Initial release: FormBench TAPT-MNRL model (anonymised for review)

bb6c076 verified about 1 month ago

3.86 kB

	---
	license: apache-2.0
	base_model: Alibaba-NLP/gte-large-en-v1.5
	library_name: sentence-transformers
	tags:
	- sentence-transformers
	- feature-extraction
	- sentence-similarity
	- formbench
	- patent-retrieval
	- chemistry
	- formulations
	- materials-science
	language:
	- en
	pipeline_tag: sentence-similarity
	---

	# gte-large-formbench-mnrl

	A domain-adapted sentence-transformers model derived from
	[`Alibaba-NLP/gte-large-en-v1.5`](https://huggingface.co/Alibaba-NLP/gte-large-en-v1.5) and fine-tuned on the FormBench
	retrieval benchmark for formulation chemistry.

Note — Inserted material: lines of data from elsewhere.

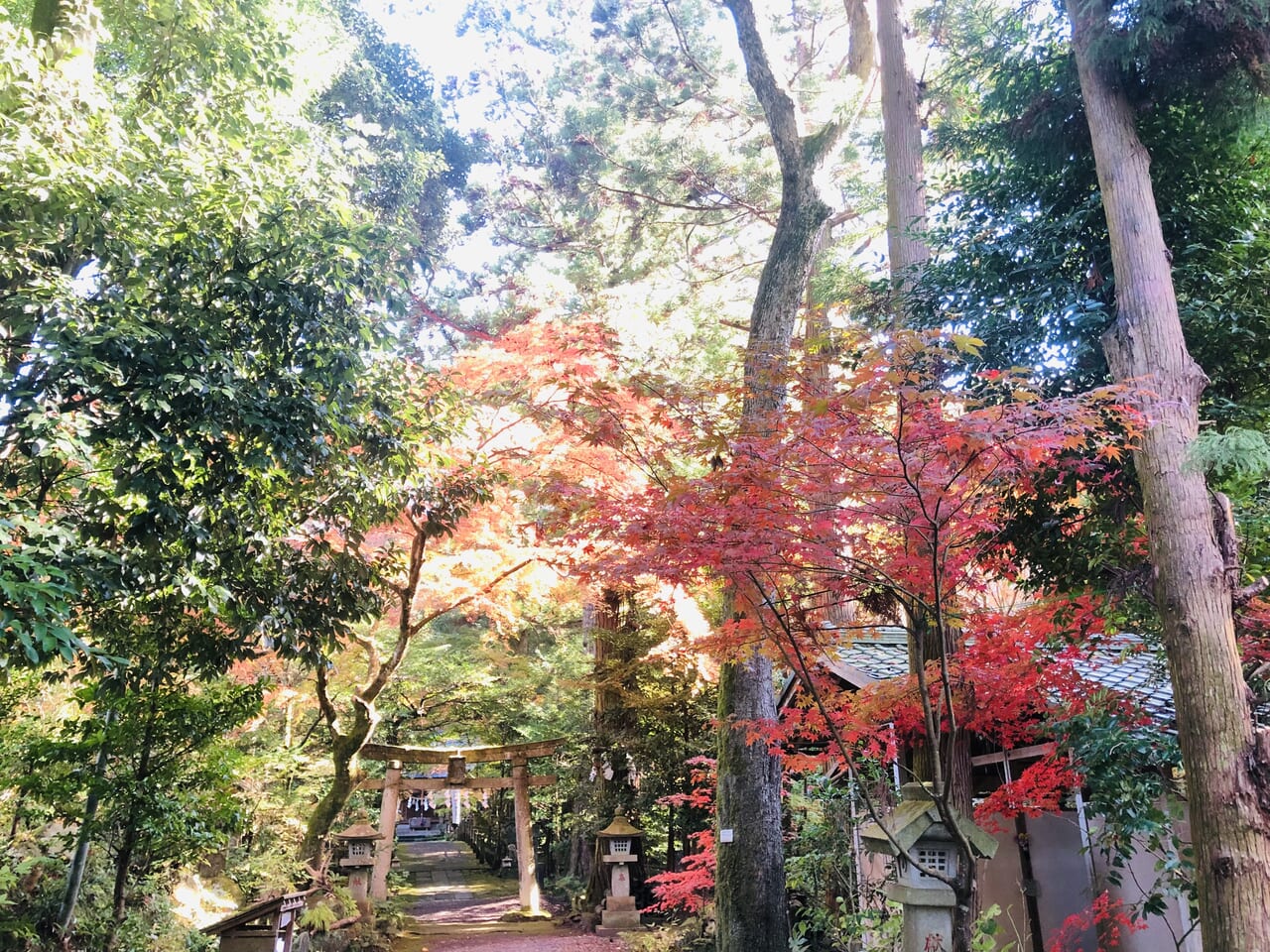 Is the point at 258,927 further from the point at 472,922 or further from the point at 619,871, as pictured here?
the point at 472,922

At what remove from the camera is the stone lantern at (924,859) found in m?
3.40

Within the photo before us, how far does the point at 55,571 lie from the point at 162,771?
7.37 feet

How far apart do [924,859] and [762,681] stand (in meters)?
1.81

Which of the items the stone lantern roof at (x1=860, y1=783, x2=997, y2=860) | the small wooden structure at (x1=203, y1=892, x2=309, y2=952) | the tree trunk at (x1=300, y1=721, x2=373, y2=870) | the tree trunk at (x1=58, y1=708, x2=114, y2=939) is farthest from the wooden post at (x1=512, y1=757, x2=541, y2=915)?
the stone lantern roof at (x1=860, y1=783, x2=997, y2=860)

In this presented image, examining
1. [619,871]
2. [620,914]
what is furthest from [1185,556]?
[620,914]

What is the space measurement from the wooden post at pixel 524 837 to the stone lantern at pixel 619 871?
147cm

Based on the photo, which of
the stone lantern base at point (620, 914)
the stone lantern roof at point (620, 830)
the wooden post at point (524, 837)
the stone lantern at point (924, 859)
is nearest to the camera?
the stone lantern at point (924, 859)

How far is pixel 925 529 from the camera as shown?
3326mm

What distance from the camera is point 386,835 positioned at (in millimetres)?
10453

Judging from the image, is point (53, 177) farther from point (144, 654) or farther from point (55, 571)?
point (144, 654)

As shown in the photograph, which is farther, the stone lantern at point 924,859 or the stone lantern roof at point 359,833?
the stone lantern roof at point 359,833

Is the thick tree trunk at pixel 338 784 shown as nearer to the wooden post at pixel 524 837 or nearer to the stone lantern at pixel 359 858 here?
the stone lantern at pixel 359 858

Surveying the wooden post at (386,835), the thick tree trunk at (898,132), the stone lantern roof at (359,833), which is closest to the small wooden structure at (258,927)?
the stone lantern roof at (359,833)

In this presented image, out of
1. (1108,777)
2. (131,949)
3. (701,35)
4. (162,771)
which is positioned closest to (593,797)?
(131,949) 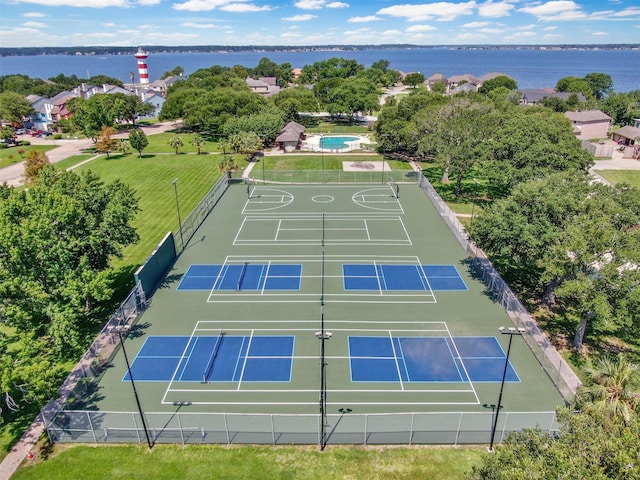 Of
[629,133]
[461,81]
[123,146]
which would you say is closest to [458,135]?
[629,133]

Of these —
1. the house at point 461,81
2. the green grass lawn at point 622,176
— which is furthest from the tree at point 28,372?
the house at point 461,81

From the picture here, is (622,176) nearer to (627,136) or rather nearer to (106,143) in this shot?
(627,136)

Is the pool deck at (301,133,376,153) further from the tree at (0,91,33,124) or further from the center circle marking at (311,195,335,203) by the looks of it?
the tree at (0,91,33,124)

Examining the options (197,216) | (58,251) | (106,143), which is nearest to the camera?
(58,251)

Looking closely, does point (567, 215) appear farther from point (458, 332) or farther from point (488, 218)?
point (458, 332)

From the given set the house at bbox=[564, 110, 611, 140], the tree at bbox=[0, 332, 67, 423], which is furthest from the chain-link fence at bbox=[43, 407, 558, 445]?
the house at bbox=[564, 110, 611, 140]

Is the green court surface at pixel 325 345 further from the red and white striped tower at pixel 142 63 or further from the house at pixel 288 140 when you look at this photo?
the red and white striped tower at pixel 142 63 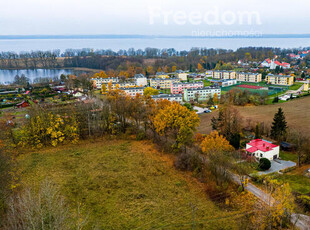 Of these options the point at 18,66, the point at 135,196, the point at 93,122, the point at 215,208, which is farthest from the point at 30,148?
the point at 18,66

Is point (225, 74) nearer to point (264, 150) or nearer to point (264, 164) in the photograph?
point (264, 150)

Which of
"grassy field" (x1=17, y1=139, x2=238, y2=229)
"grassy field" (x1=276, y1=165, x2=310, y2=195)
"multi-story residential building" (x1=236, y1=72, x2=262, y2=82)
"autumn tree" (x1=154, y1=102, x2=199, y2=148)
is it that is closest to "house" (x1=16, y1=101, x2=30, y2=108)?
"grassy field" (x1=17, y1=139, x2=238, y2=229)

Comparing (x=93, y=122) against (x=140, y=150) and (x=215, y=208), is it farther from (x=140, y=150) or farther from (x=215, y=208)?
(x=215, y=208)

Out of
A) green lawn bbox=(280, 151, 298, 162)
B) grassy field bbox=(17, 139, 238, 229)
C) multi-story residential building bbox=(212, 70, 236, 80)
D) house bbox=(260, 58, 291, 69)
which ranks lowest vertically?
grassy field bbox=(17, 139, 238, 229)

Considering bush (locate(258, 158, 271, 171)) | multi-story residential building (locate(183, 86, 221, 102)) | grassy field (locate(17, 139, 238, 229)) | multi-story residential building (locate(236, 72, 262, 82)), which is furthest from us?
multi-story residential building (locate(236, 72, 262, 82))

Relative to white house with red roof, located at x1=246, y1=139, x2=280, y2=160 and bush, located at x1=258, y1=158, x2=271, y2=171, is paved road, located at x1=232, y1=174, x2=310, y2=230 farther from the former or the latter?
white house with red roof, located at x1=246, y1=139, x2=280, y2=160

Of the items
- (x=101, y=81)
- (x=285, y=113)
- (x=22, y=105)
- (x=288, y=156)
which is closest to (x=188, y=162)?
(x=288, y=156)

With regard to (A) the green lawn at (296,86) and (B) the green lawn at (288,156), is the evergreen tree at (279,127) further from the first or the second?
(A) the green lawn at (296,86) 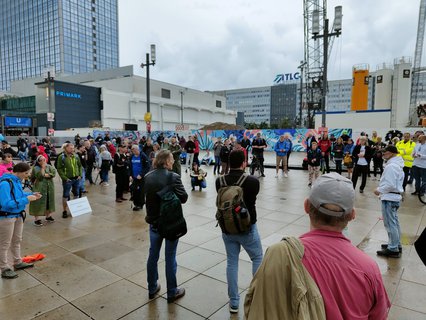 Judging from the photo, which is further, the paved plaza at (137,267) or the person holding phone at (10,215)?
the person holding phone at (10,215)

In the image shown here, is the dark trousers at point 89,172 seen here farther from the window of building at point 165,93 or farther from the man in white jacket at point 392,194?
the window of building at point 165,93

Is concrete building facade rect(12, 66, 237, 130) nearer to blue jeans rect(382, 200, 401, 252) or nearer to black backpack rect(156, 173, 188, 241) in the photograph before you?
blue jeans rect(382, 200, 401, 252)

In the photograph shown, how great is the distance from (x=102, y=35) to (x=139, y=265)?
12308 cm

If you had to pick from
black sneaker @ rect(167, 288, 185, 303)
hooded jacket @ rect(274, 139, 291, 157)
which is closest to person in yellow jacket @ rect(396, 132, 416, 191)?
hooded jacket @ rect(274, 139, 291, 157)

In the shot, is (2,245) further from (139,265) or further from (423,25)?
(423,25)

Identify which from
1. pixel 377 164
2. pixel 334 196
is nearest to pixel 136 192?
pixel 334 196

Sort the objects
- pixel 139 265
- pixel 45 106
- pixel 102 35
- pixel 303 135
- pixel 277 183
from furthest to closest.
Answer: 1. pixel 102 35
2. pixel 45 106
3. pixel 303 135
4. pixel 277 183
5. pixel 139 265

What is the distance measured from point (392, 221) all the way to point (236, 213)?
10.1ft

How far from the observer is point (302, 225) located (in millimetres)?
6402

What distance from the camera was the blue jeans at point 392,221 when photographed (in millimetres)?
4582

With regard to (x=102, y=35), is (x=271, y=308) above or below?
below

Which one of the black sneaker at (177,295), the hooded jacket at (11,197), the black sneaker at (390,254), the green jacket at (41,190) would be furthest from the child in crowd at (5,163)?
the black sneaker at (390,254)

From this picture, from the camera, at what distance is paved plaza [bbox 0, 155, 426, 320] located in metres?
3.37

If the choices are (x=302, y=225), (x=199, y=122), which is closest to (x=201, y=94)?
(x=199, y=122) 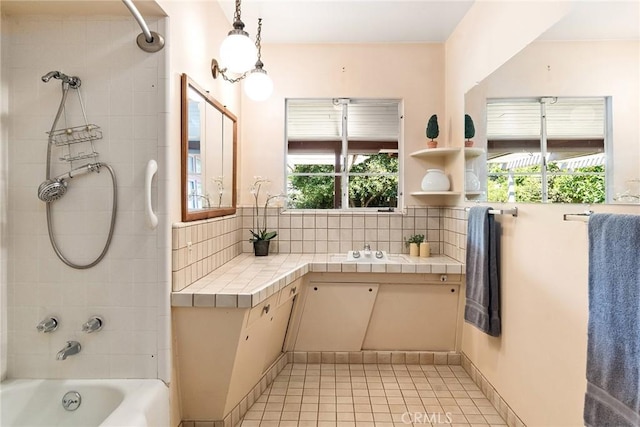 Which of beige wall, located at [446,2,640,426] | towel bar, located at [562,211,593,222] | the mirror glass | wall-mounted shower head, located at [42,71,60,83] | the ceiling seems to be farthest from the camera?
the ceiling

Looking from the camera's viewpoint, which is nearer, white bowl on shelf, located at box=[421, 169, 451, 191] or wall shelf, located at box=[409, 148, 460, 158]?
wall shelf, located at box=[409, 148, 460, 158]

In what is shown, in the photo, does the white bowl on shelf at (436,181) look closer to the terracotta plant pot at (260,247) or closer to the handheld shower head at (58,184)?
the terracotta plant pot at (260,247)

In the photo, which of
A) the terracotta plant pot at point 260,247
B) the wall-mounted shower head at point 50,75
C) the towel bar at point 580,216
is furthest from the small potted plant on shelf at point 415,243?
the wall-mounted shower head at point 50,75

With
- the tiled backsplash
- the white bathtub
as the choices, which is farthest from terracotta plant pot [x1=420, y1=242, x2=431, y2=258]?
the white bathtub

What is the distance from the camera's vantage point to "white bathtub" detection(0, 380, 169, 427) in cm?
158

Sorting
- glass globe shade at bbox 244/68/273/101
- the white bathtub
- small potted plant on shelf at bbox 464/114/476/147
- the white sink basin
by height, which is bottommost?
the white bathtub

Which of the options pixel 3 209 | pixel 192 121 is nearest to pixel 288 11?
pixel 192 121

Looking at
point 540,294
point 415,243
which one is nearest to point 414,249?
point 415,243

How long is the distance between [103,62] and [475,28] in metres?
2.39

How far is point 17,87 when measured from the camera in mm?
1710

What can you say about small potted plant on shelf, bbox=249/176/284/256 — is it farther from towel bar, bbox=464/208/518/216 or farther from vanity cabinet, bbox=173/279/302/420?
towel bar, bbox=464/208/518/216

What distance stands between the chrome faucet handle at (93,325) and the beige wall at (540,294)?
218cm

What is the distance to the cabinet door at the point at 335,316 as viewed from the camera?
272cm

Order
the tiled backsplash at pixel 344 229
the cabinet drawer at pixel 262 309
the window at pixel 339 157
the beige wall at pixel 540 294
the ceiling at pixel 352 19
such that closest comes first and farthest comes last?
the beige wall at pixel 540 294
the cabinet drawer at pixel 262 309
the ceiling at pixel 352 19
the tiled backsplash at pixel 344 229
the window at pixel 339 157
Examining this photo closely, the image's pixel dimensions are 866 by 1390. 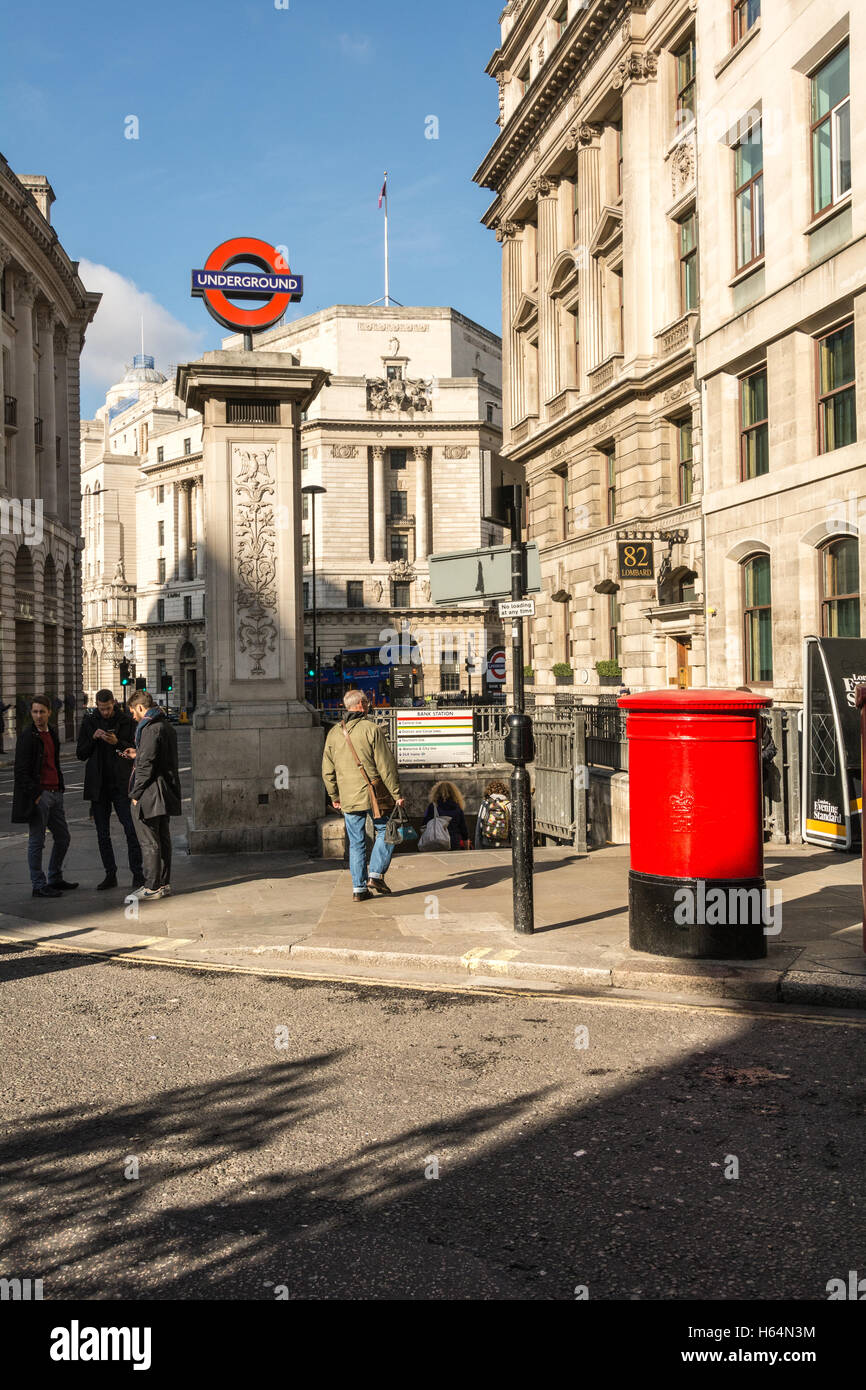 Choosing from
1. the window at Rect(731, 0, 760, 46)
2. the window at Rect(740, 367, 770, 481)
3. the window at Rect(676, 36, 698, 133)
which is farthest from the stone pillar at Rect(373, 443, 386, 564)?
the window at Rect(731, 0, 760, 46)

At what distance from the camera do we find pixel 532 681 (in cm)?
3966

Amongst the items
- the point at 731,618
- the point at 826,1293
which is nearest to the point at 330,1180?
the point at 826,1293

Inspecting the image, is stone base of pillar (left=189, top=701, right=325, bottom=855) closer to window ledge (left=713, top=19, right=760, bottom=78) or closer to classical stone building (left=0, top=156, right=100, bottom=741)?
window ledge (left=713, top=19, right=760, bottom=78)

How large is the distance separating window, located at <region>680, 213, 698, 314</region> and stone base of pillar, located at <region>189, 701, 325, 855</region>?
19.3 meters

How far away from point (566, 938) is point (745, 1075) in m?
2.78

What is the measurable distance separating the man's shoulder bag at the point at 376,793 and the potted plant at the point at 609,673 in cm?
2179

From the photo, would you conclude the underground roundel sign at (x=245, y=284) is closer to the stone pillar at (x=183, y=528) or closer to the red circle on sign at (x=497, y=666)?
the red circle on sign at (x=497, y=666)

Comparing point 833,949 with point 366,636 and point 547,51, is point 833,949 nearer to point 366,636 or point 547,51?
point 547,51

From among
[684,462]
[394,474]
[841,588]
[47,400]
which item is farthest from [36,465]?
[841,588]

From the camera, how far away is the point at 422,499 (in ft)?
260

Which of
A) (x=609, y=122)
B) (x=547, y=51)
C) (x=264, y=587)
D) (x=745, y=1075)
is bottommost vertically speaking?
(x=745, y=1075)

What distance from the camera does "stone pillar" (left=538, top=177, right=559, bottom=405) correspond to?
118ft

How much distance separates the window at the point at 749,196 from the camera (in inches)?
858

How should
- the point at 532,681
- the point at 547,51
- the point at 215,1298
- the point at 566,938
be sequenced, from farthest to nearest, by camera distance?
1. the point at 532,681
2. the point at 547,51
3. the point at 566,938
4. the point at 215,1298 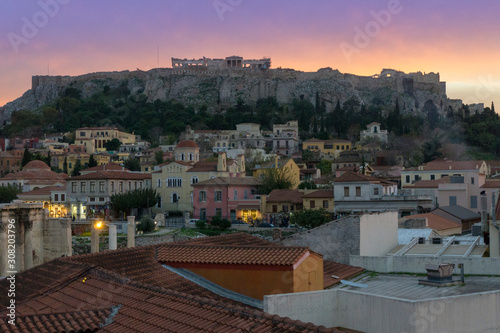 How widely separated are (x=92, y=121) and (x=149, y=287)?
114m

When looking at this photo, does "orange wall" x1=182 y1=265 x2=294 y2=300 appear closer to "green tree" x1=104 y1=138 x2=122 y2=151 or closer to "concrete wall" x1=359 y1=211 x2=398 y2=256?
"concrete wall" x1=359 y1=211 x2=398 y2=256

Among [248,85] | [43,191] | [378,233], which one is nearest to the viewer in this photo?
[378,233]

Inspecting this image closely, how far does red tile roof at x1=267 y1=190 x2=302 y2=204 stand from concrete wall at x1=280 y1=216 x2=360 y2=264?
3482 centimetres

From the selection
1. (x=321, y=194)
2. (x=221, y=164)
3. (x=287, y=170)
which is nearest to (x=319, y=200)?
(x=321, y=194)

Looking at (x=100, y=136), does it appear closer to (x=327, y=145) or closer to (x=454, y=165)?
(x=327, y=145)

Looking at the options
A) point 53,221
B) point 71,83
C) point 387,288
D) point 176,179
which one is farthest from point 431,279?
point 71,83

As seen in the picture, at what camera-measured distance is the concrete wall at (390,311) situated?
10.0 meters

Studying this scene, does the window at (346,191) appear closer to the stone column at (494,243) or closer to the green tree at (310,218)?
the green tree at (310,218)

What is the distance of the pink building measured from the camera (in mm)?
54094

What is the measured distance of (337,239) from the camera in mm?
17344

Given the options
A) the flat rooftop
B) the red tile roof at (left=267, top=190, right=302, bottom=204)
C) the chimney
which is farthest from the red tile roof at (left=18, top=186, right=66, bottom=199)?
the flat rooftop

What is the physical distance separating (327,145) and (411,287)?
82.3m

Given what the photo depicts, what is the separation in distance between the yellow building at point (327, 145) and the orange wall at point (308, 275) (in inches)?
3156

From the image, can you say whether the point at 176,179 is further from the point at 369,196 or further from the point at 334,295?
the point at 334,295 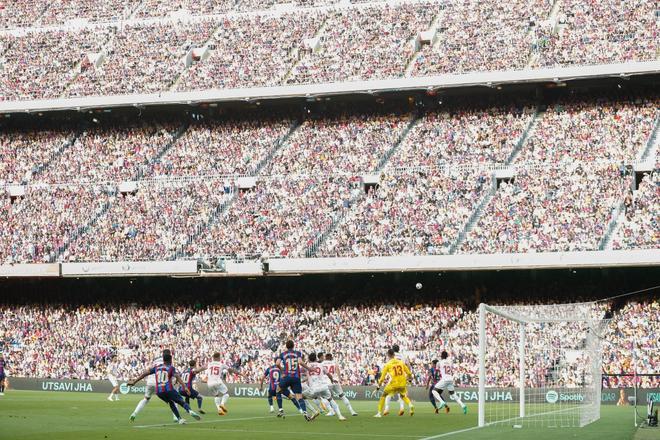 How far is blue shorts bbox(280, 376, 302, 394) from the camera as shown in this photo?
2978 cm

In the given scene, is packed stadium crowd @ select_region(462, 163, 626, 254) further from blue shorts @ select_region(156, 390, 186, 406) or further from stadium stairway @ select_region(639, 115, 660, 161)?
blue shorts @ select_region(156, 390, 186, 406)

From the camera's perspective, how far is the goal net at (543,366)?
30.4m

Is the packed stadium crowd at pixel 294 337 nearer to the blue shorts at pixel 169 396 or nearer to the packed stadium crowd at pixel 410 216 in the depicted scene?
the packed stadium crowd at pixel 410 216

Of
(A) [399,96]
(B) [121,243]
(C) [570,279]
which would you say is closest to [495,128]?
(A) [399,96]

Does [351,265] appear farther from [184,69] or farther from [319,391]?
[319,391]

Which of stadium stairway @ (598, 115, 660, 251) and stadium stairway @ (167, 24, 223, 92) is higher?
stadium stairway @ (167, 24, 223, 92)

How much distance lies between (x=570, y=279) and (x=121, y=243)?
918 inches

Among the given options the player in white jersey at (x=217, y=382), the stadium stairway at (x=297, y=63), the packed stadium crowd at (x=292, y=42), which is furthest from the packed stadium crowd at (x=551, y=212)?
the player in white jersey at (x=217, y=382)

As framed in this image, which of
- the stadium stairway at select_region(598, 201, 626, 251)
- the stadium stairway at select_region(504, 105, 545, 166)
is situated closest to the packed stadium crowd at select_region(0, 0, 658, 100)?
the stadium stairway at select_region(504, 105, 545, 166)

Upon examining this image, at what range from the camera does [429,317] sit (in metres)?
53.0

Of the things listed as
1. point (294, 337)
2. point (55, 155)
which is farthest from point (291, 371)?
point (55, 155)

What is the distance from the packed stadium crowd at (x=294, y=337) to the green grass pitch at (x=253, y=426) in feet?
29.4

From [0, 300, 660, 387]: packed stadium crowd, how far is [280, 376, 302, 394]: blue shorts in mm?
15535

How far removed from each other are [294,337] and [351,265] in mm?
4407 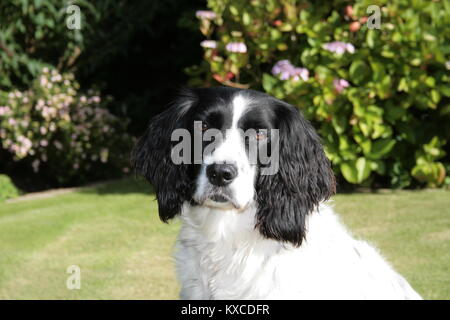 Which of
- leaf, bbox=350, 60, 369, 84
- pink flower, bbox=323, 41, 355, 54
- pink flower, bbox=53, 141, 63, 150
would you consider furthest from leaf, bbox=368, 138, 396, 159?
pink flower, bbox=53, 141, 63, 150

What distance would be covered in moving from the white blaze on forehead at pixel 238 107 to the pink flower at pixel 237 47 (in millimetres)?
Result: 5042

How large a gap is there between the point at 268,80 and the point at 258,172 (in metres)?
5.05

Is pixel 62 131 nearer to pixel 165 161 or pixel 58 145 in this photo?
pixel 58 145

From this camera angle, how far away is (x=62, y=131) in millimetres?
10750

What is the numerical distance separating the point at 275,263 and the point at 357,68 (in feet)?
17.6

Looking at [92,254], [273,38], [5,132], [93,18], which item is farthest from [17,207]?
[273,38]

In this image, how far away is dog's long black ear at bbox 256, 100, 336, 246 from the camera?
385cm

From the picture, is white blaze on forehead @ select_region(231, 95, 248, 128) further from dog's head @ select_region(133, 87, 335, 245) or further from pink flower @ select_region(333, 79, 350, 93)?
pink flower @ select_region(333, 79, 350, 93)

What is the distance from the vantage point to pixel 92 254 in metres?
7.21

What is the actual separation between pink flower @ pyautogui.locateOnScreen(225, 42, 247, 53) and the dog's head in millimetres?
4624

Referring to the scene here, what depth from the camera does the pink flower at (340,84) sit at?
8.52 metres

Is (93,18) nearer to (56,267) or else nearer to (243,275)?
(56,267)

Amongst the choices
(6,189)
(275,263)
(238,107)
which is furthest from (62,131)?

It maps passages from formulation patents
	into a 1024-dimensional dense vector space and is optimised for within-domain
	retrieval among structurally similar near-miss passages — the central capability targeted
	by FormBench.

	This repository hosts an anonymised release for NeurIPS 2026 double-blind review.

	## Model details

	\| Item \| Value \|
	\|---\|---\|
	\| Base model \| `Alibaba-NLP/gte-large-en-v1.5` (434M params) \|
	\| Training method \| Task-adaptive pre-training (TAPT) via contrastive fine-tuning \|
	\| Loss \| `MultipleNegativesRankingLoss` (in-batch negatives) \|
	\| Training data \| FormBench-Triplets — 44,413 (query, anchor, hard-negative) tuples \|
	\| Embedding dimension \| 1024 \|
	\| Max sequence length \| 8192 (training: 2048) \|
	\| Precision \| bf16 \|
	\| Learning rate \| 1e-5 \|
	\| Per-GPU batch size \| 64 \|
	\| Epochs \| 5 \|
	\| Hardware \| 8× AMD MI250X, DDP \|

	The training-triplet set is reconstructable from the qrel files in
	[`Formbench-anon/FormBench`](https://huggingface.co/datasets/Formbench-anon/FormBench)
	following the protocol in §3 of the paper.

	## Evaluation results

	Evaluated on the FormBench test split (n = 5,459 queries) under both corpus variants,
	following the protocol in §4 of the paper. FAISS exact inner-product search at top-k = 100.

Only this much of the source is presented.